ここで紹介するのは、長大なトンネルで分水嶺を貫いている現在の国道20号線ではなく、その旧道である。旧道でありながら忘れ去られた峠道ではないところに、この峠道の持つ歴史に裏打ちされたほのかな魅力と強靭な生命力が感じられる。保福寺峠のような穏やかさと、大平峠のような歴史が同居する、なかなかいい峠だと思う。
この峠には甲府盆地側から上った。甲府盆地の東端である甲州市(旧勝沼町)の柏尾交差点(標高約460m)から国道20号線を走り、旧大和村の笹子峠旧道入口(標高約580m)に到着。ここまでの道のりは急峻ではなく、路肩もそれほど狭くなく(ただし白線に凹凸がついていていらつくが)、まずまず走りやすい。
旧道は最初だけ中央道の下を折り返しつつくぐり、車の音がうるさいのだが、やがて駒飼宿というちょっとだけクラシカルな旧宿場の集落にさしかかると静かになり、雰囲気が出てくる。駒飼宿を過ぎてまもなく、見晴らしベンチがあり、宿場を見下ろすことができる。
この写真の右に写っている自転車はToonoさんのMTBだ。この日はToonoさんと一緒に出かけたのだ。そういうわけで、この項にはToonoさんのサイトと同じような写真が出てくるかもしれないけれどご理解ください。
さてここから峠道の本番。とにかく空は春ながらに精一杯に青く、新緑は目にまぶしく、道路は静かである。路傍にはヤマブキとアケビが、山腹にはヤマザクラが、それぞれぽつぽつと咲いている。
眺望と呼べるものはほとんどないが、これから上る道やこれまで上ってきた道を見る箇所は随所にある。しかしただの豪快な上りではなく、自然歩道が分岐する箇所に峠道の歴史についての案内板があったりして、歴史と風格を感じさせる。
勾配は決してきつくない。いつの間にかどんどん標高を稼いでしまうという感じの走りやすい坂道だ。

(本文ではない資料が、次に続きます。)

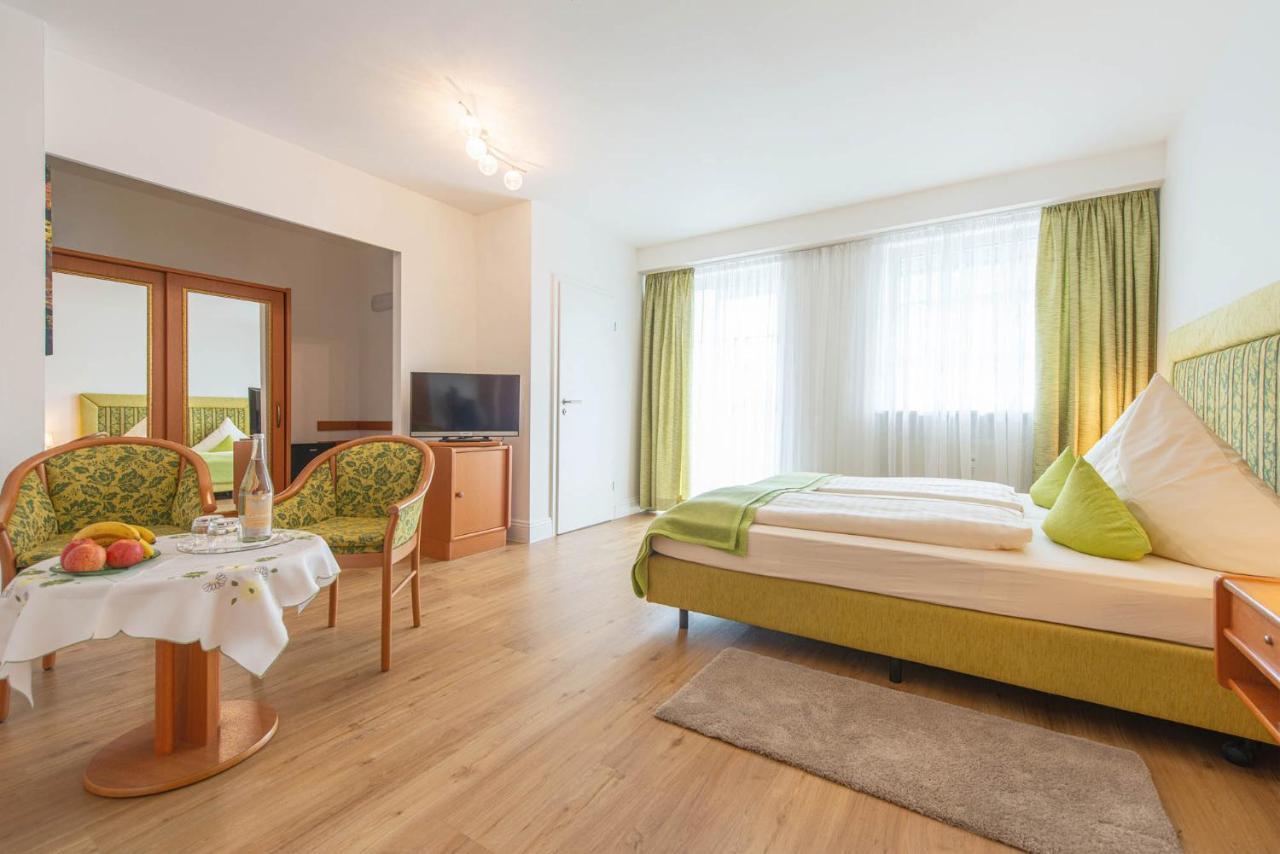 Hotel Garni Lichtquelle Bad Füssing Esterno foto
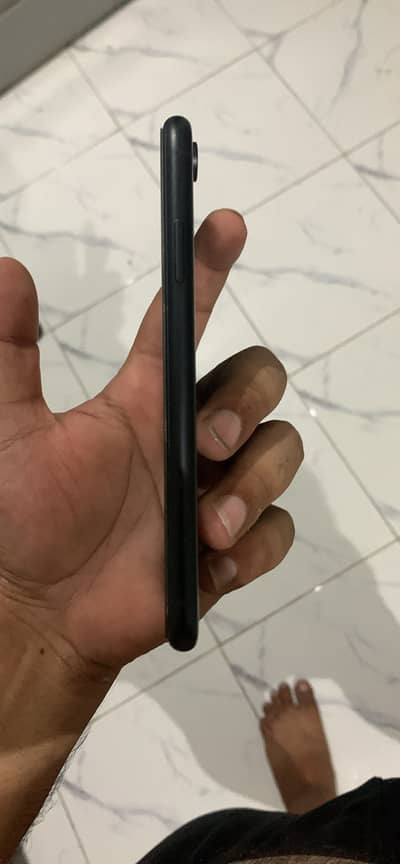 Apple iPhone XR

標高1000m付近ではカーブの途中で桜が固まって咲いていた(植えてあったのかもしれない)。そこを通り過ぎてもしばらく、見下ろすとその一角は春の薄い陽射しの中でひときわ目立って見えていた。
鞍部の近くの左カーブの外側に東屋がある。上ってきたヘアピンカーブのちょっとした眺めがある。
それを過ぎればすぐに鞍部のトンネル。照明がなく真っ暗だし、路面はかなり悪い。抜けた先にはこのトンネルについての案内板がある。その説明によるとこのトンネルは登録有形文化財とのこと。確かに風格のあるポータルだ。ちなみにポータルは大月側の方が立派である。

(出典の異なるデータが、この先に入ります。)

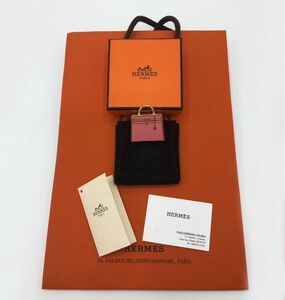 HERMES エルメス　ケリー　パーマブラスプレイテット キュリオジテ ペンダントトップ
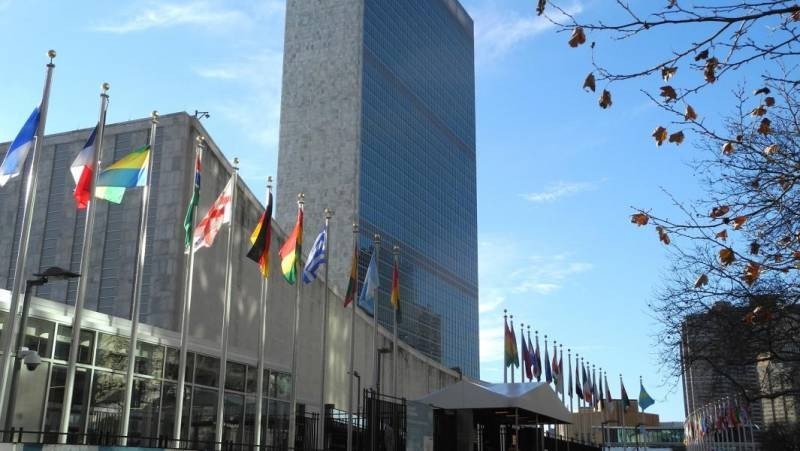 The UN headquarters is time to move from New York!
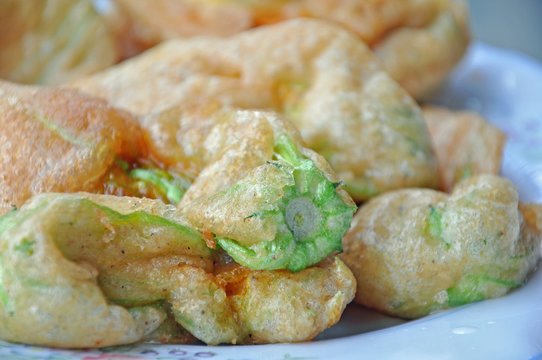 beignets de fleurs de courgettes
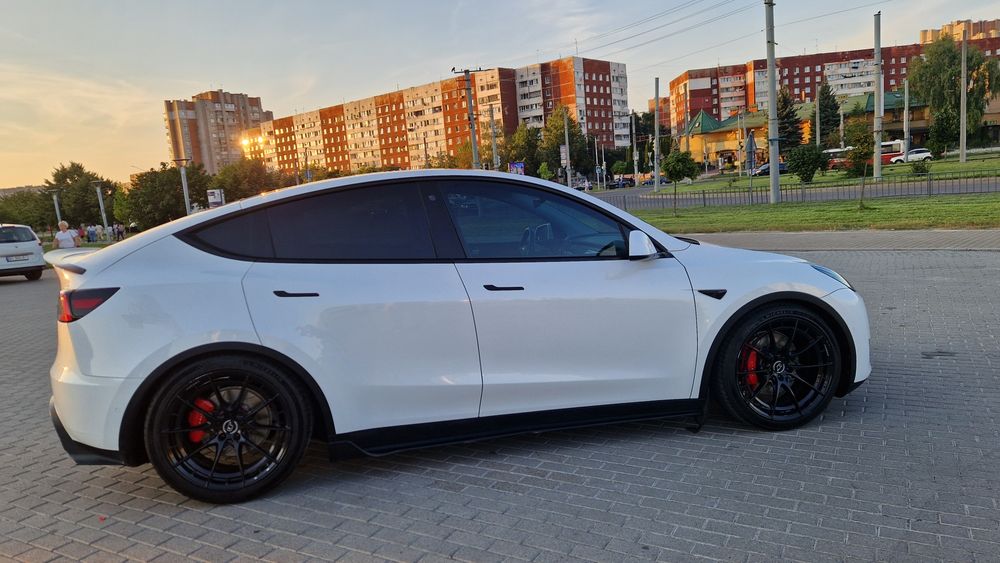 Tesla Model Y Performance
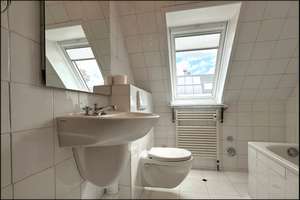 3-Zimmer-Maisonette-Obergeschoss-Eigentumswohnung mit eigenem Tiefgaragenstellplatz im Haus – Die vollständige Adresse der Immobilie erhältst du vom Anbieter., 22359 Volksdorf, Hamburg – Vorschaubild 11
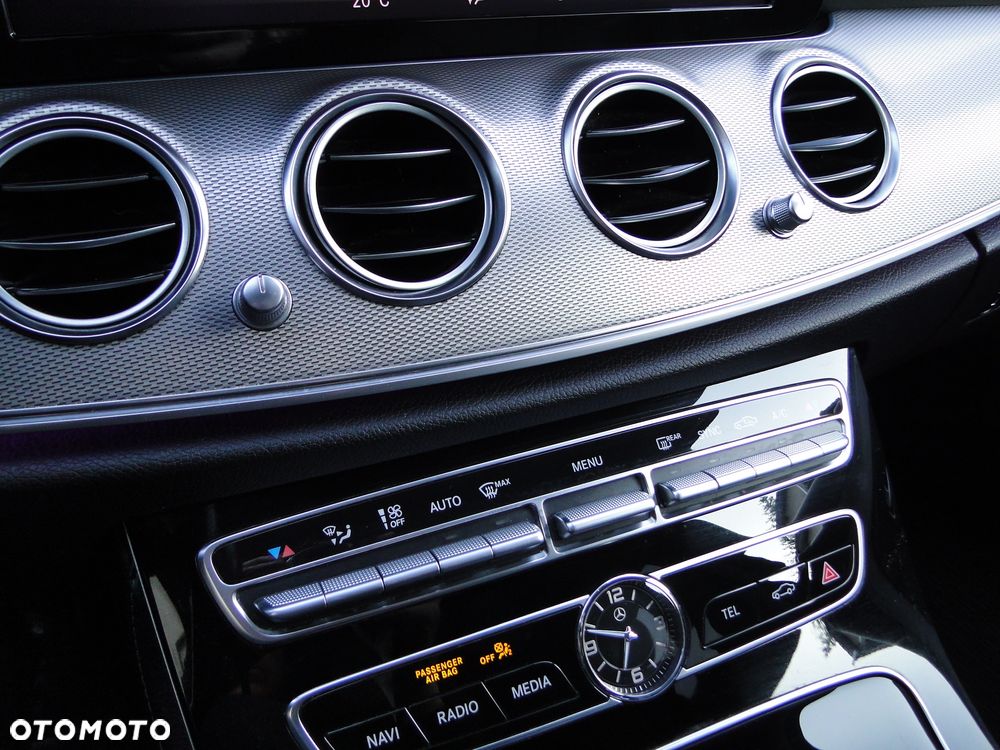 Mercedes-Benz Klasa E 220 d 9G-TRONIC - 29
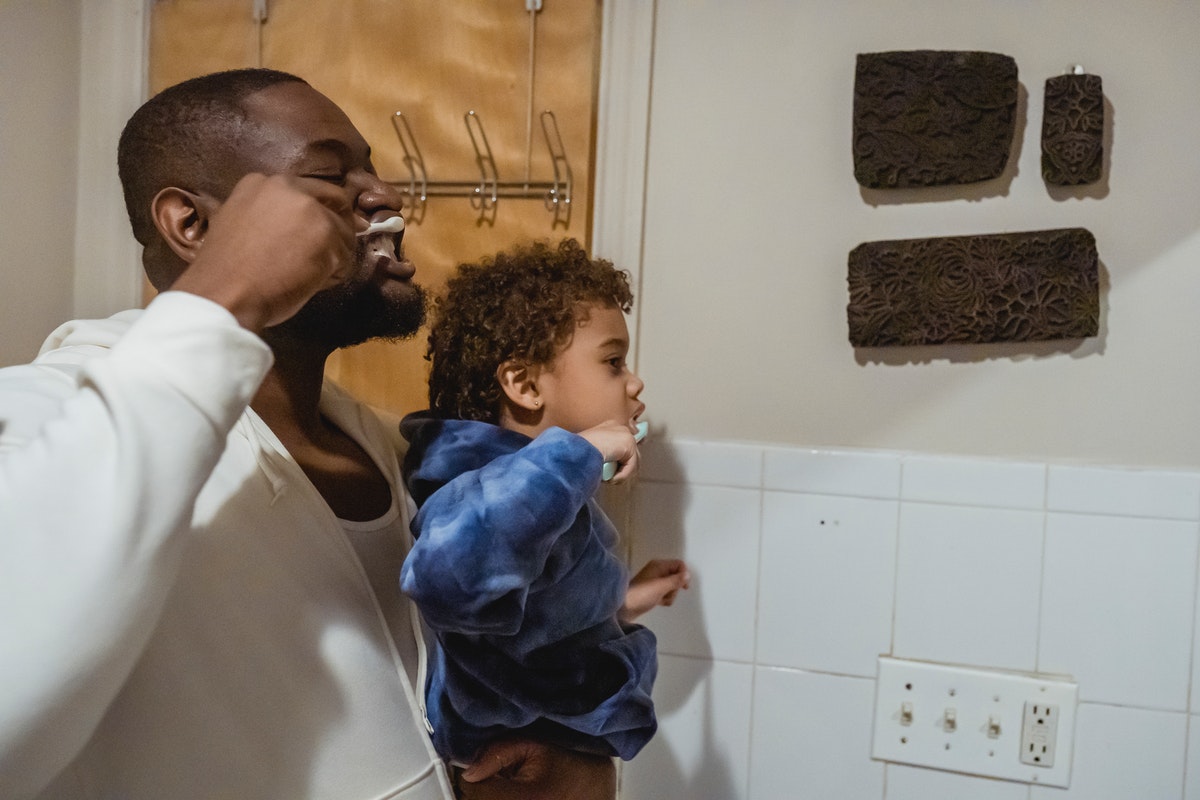 pai e filho escovando dentes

トンネルからの大月側の下りの道は、西側よりも路面の状態が悪いが、雰囲気はあまり変わらない。ただし森が深くやや暗い感じか。
途中、名木矢立の杉がある。道路から右側に歩道を1分ほど入ると、狭い谷にとても太い(幹は空洞なのだが)スギの木が生えている。この名前の由来は、戦国時代、出陣前にこの幹に矢を打ち立てて武運を祈ったことだとか。気の毒な木……。ちなみに矢の跡は見てもわからない。

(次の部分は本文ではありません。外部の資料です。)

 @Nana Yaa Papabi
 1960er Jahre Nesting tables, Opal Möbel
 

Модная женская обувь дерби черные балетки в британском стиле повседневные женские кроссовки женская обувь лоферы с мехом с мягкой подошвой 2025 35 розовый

狭い緑いっぱいのワインディングを下っていくと、やがて左側から国道20号線が近づいてくる。合流点の標高は約700m。ここから大月側の国道20号線は、最初だけ7%や8%の下りがあるが、あとはまずまず緩い坂。そうはいってもかなり長い勾配なので、大月側から上るのは(笹子駅まで輪行するのでなければ)けっこうしんどいだろう。
大月の市街まで下ると標高は360m程度。